N.C. Gen.Stat. § 115C-42 (2003). The mere purchase of a liability insurance policy by a board of education is insufficient to waive sovereign immunity. Id. Immunity is only waived to the extent that the liability insurance policy actually indemnifies the board of education or its employees. Id.
Here, under the "vehicle usage" section of the policy insuring Liner, any incidents arising from "[t]he ownership, operation, use, loading or unloading of (a) vehicles of any kind ..." by which the insured would normally be liable are excluded from coverage. Liner contends that this exclusion applies here and that sovereign immunity bars plaintiffs' claims.

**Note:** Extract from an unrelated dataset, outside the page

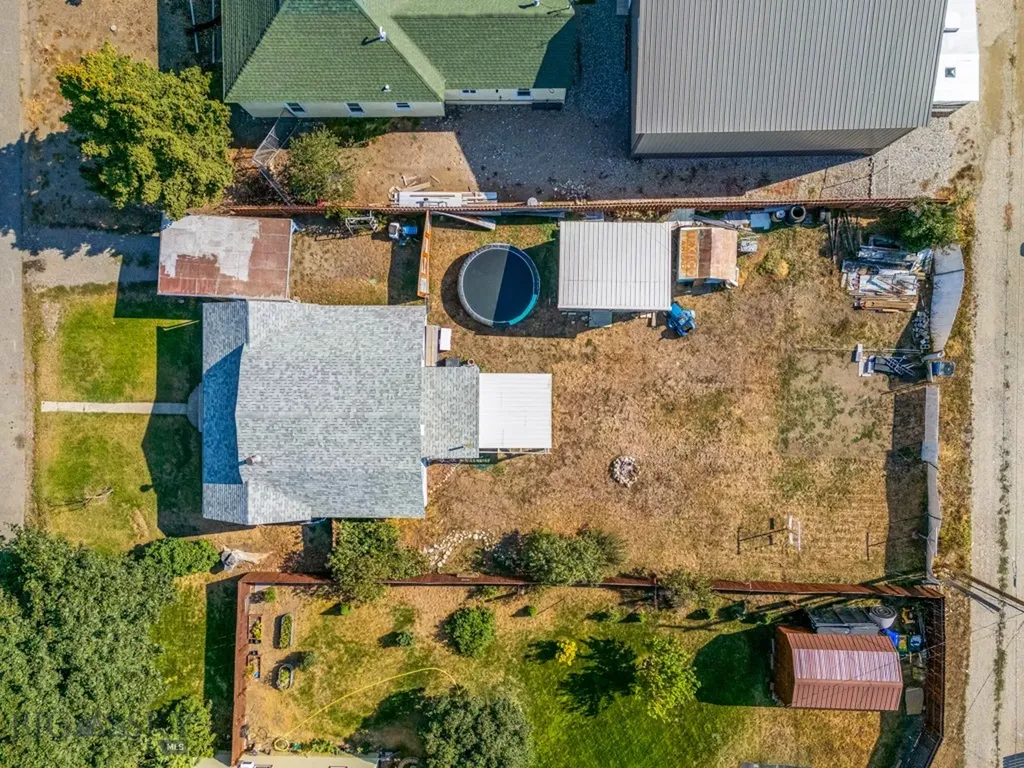 407 West 2nd Avenue Big Timber MT 59011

Plaintiffs argue that the policy specifically carves out an exception to this exclusion and waives Liner's sovereign immunity. The exception states, "an insured who is supervising students entering or exiting a school bus" is not excluded from liability despite the "vehicle usage" exclusion cited by Liner. (emphasis supplied).

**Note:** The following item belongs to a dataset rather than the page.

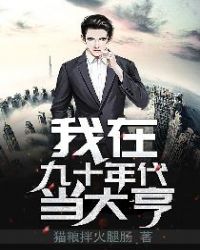 我在九十年代当大亨封面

"`[A]n insurance policy is a contract and its provisions govern the rights and duties of the parties thereto.'" Gaston County Dyeing Machine Co. v. Northfield Ins. Co., 351 N.C. 293, 299, 524 S.E.2d 558, 563 (2000) (quoting Fidelity Bankers Life Ins. Co. v. Dortch, 318 N.C. 378, 380, 348 S.E.2d 794, 796 (1986)). When we construe provisions of an insurance policy, "the goal of construction is to arrive at the intent of the parties when the policy was issued." Woods v. Insurance Co., 295 N.C. 500, 505, 246 S.E.2d 773, 777 (1978). The language in the policy is to be construed as written "without rewriting the contract or disregarding the express language used." Fidelity Bankers Life Ins. Co., 318 N.C. at 380, 348 S.E.2d at 796 (citing Industrial Center v. Liability Co., 271 N.C. 158, 155 S.E.2d 501 (1967)).

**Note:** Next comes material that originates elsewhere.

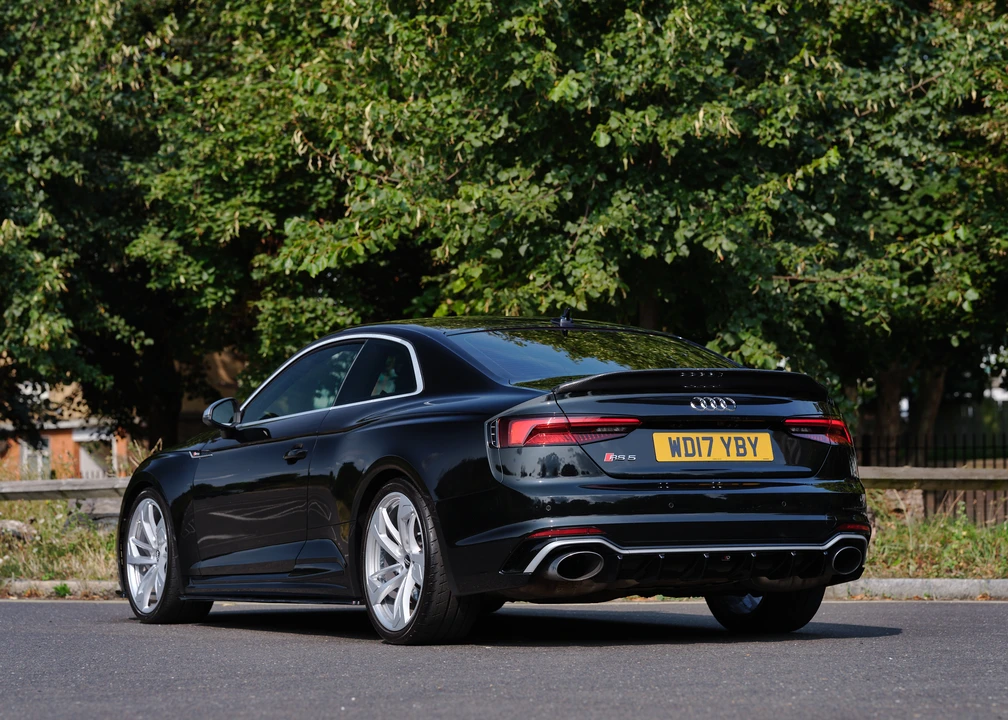 2017 Audi B9 RS5 - Image 5 of 31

"[E]xclusions from, conditions upon and limitations of undertakings by the [insurance] company, otherwise contained in the policy, are ... construed strictly ... to provide coverage." Trust Co. v. Insurance Co., 276 N.C. 348, 355, 172 S.E.2d 518, 522-523 (1970). "[P]rovisions which exclude liability of insurance companies are not favored and therefore all ambiguous provisions will be construed against the insurer...." State Capital Ins. Co. v. Nationwide Mutual Ins. Co., 318 N.C. 534, 538, 350 S.E.2d 66, 68 (1986) (citing Trust Co., 276 N.C. at 355, 172 S.E.2d at 522-523). Gaston County Dyeing Machine Co., 351 N.C. at 299, 524 S.E.2d at 563 (quoting Woods, 295 N.C. at 505-506, 246 S.E.2d at 777). In determining the ordinary meaning of a word, it is appropriate to look to dictionary definitions. Guyther v. Nationwide Mut. Fire Ins. Co., 109 N.C.App. 506, 512, 428 S.E.2d 238, 241 (1993). Our Supreme Court has held that "[u]se of the plain, ordinary meaning of a term is the preferred construction." C.D. Spangler Constr. Co. v. Industrial Crankshaft & Eng. Co., 326 N.C. 133, 151, 388 S.E.2d 557, 568 (1990) (citing Woods, 295 N.C. at 505-506, 246 S.E.2d at 777).